Supplied material:
■ ■ ■ ■

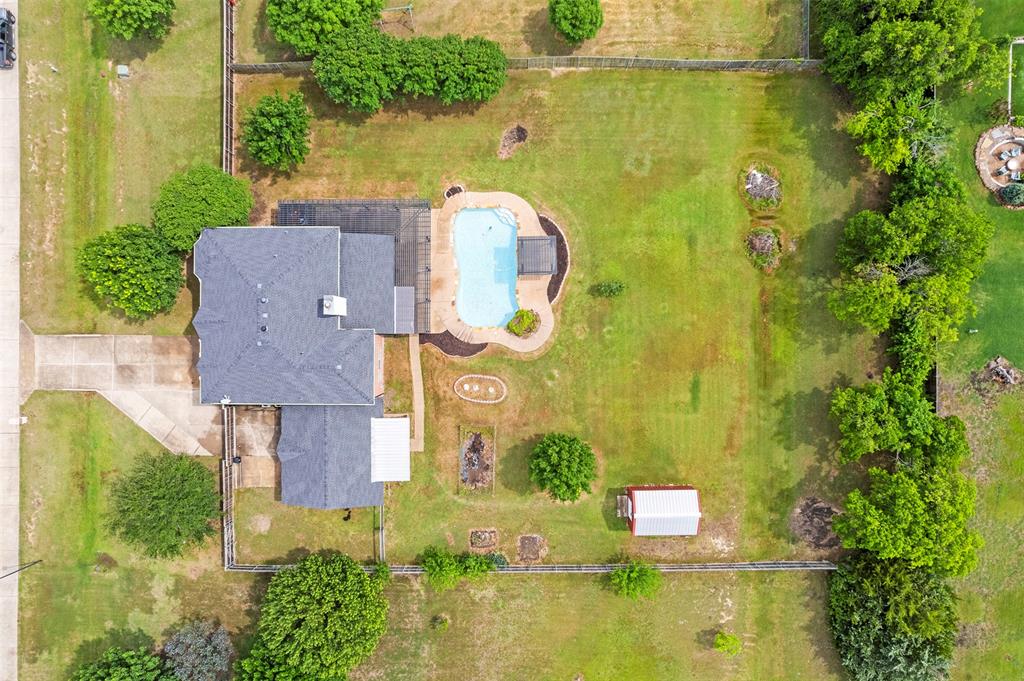 3931 Alpha Way Midlothian, TX 76065 - Photo 31 of 33 an aerial view of residential house with pool and yard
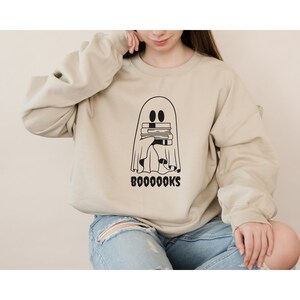 May include: A beige sweatshirt with a black ghost holding a stack of books and the text "BOO0000KS" printed on the front.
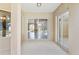 Covered patio with views of the interior through sliding glass doors and bay windows at 9008 Brookfield Ter, Bradenton, FL 34212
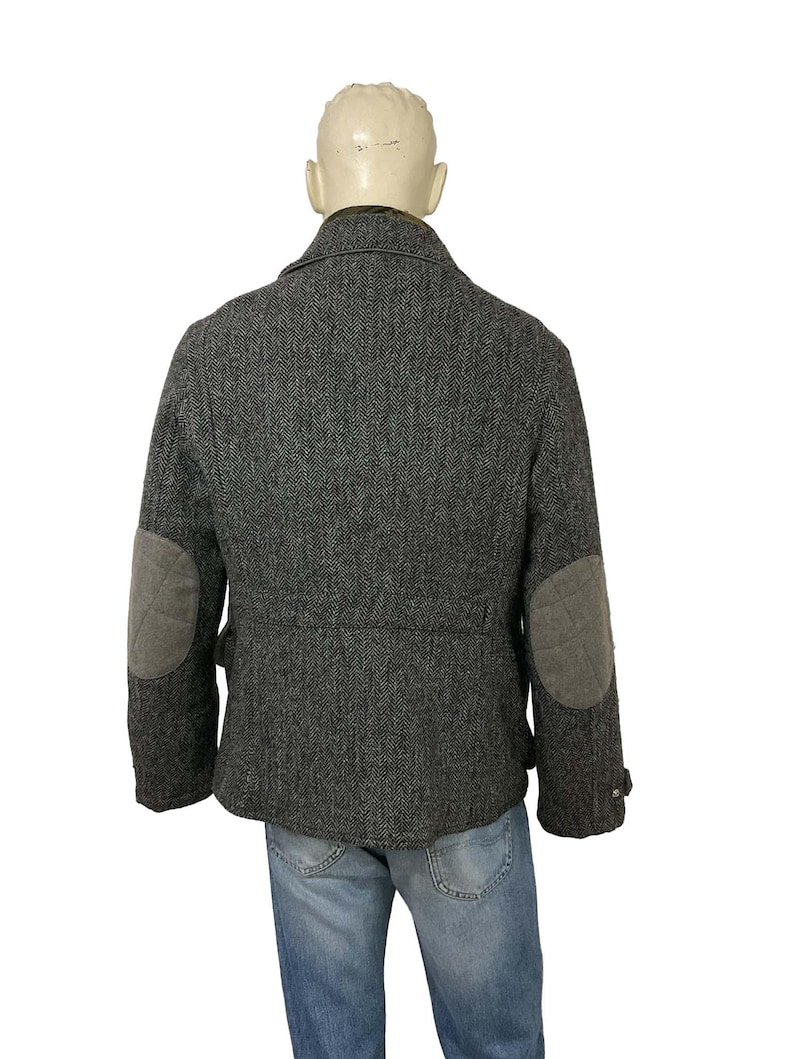 May include: A gray herringbone tweed jacket with gray elbow patches. The jacket has a classic design with a notched collar and buttoned cuffs. The jacket is displayed on a mannequin.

■ ■ ■ ■

What is needed:
Repeat the data word for word. Images are not part of the copy.

Response area:
 3931 Alpha Way Midlothian, TX 76065 - Photo 31 of 33 an aerial view of residential house with pool and yard
 May include: A beige sweatshirt with a black ghost holding a stack of books and the text "BOO0000KS" printed on the front.
 Covered patio with views of the interior through sliding glass doors and bay windows at 9008 Brookfield Ter, Bradenton, FL 34212
 May include: A gray herringbone tweed jacket with gray elbow patches. The jacket has a classic design with a notched collar and buttoned cuffs. The jacket is displayed on a mannequin.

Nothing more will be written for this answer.